Material for this exercise:
——

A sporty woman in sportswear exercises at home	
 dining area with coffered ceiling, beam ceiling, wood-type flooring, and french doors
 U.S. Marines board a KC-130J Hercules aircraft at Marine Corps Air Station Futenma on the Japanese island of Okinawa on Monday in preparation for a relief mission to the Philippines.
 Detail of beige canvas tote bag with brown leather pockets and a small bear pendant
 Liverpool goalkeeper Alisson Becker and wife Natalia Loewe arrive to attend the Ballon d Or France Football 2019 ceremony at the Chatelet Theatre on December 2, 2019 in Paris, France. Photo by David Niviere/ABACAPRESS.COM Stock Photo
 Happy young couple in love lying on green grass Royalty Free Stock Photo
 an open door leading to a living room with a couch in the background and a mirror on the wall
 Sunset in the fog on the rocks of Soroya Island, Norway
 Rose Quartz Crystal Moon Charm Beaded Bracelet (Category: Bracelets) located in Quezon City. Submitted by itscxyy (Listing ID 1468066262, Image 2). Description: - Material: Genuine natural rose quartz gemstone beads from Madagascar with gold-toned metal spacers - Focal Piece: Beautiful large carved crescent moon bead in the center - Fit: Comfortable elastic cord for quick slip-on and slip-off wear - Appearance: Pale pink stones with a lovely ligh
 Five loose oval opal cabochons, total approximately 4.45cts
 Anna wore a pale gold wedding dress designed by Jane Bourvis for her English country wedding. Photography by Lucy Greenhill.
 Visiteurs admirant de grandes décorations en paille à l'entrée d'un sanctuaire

——

The task: How many lines in these records hold the string "gold"? Reply with the number alone.

Exercise result: 2